How to make sure your user stories are relevant, we’re going to talk about why relevant user stories are so important, when you are playing BA role.

Ok, you are a Business Analyst, someone has asked you to write user stories for a planned change to your information technology application, being diligent and wanting to do it correctly you’ve also viewed our first two rules for effective user stories, so you already know rule 1; an effective user story is a simple sentence that does not contain conjunctions or limiting phrases. Rule 2; an effective user story emphasizes what the solution does not how it does it. Great! That’s how you express an effective user story but what about the content, what will make a good user story?

It’s time to discuss Rule three namely; an effective user story is relevant to the project. When you sit down to write your user stories you need to consider what the project will deliver.

In an agile environment the agile team will ask you to elaborate the story when they are ready to start coding which could be in a couple of months. In a conventional environment the business analyst will do the same but before publishing a business requirements document or BRD.

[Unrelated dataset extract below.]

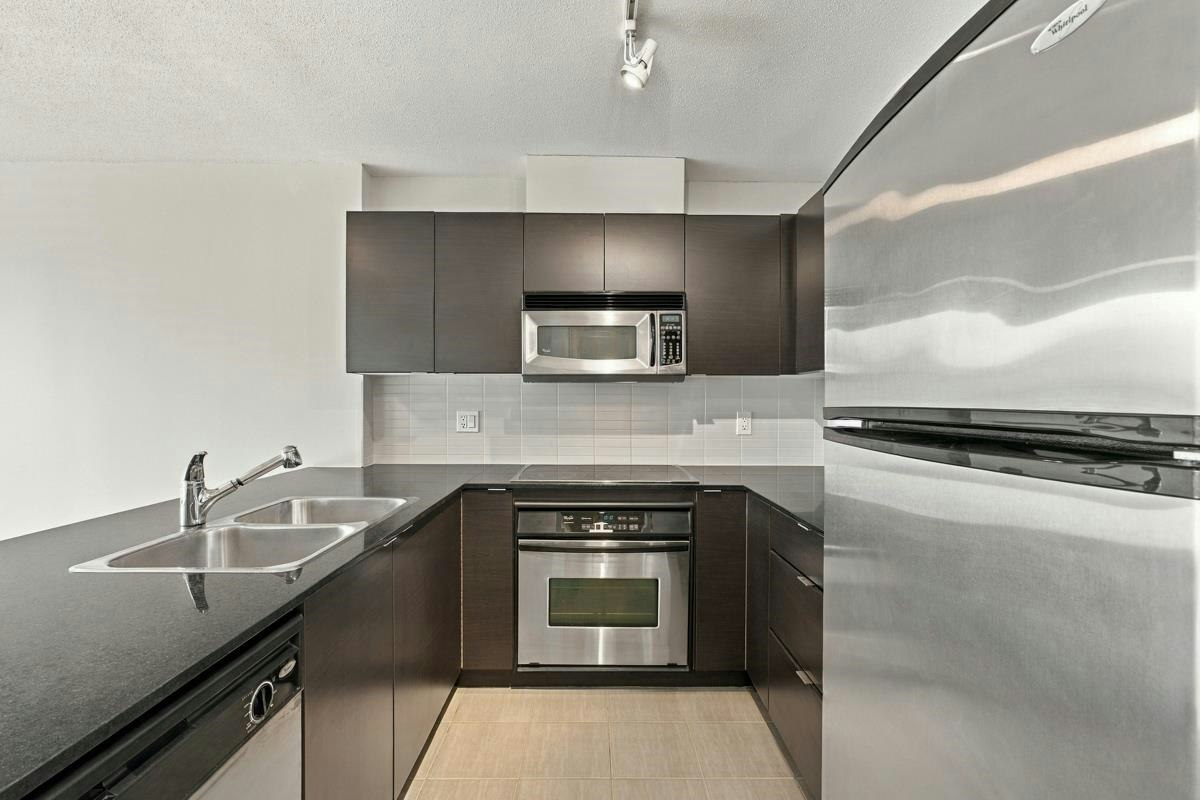 1207-4178 Dawson Street, Burnaby, BC, V5C 0A1 - 2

In the world of IT there are a couple of options for delineating what a project can and cannot do, what you’re looking for is something called a project charter or a project scope statement. A project charter typically describes the project in general terms such as project scope, risk, assumptions, constraints etc…

As you can see either delineates your project from the project of the organization by establishing the boundaries for your project. Whereas the charter can be somewhat big, the scope statement typically specifies business processes, functions, organizational units, roles or jobs etc that the project might affect or influence, it can also specifically exclude certain components, example what the project will not do. The user stories you write have to fit in pretty much entirely inside the boundaries that the project charter or scope statement define to be relevant to the project.

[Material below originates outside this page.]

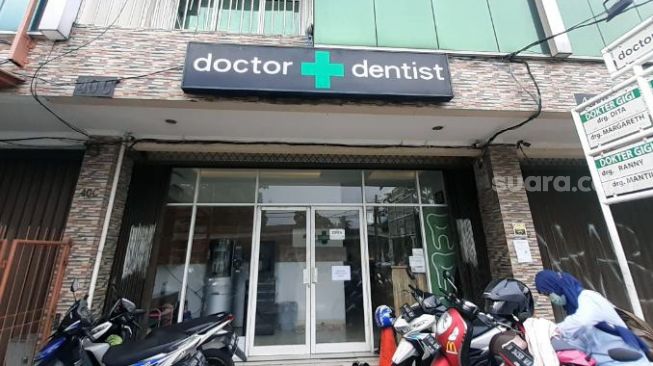 Suasana Klinik gigi Dental Doctor Dentist di Kebon Jeruk, Jakarta Barat, usai disatroni komplotan garong, Senin (11/10/2021). [Suara.com/Yaumal Asri Adi Hutasuhut]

To summarize, the third rule of effective user stories, an effective user story targets components that are relevant to the project and that it falls within the project charter or scope statement, defines something about the solution that the business community needs or wants and has a short tail, does not create a cascading effective changes that exceed the project’s authority. Keeping your user story relevant will save you and the project time and money and make you much more popular with the IT department and who knows where that could lead.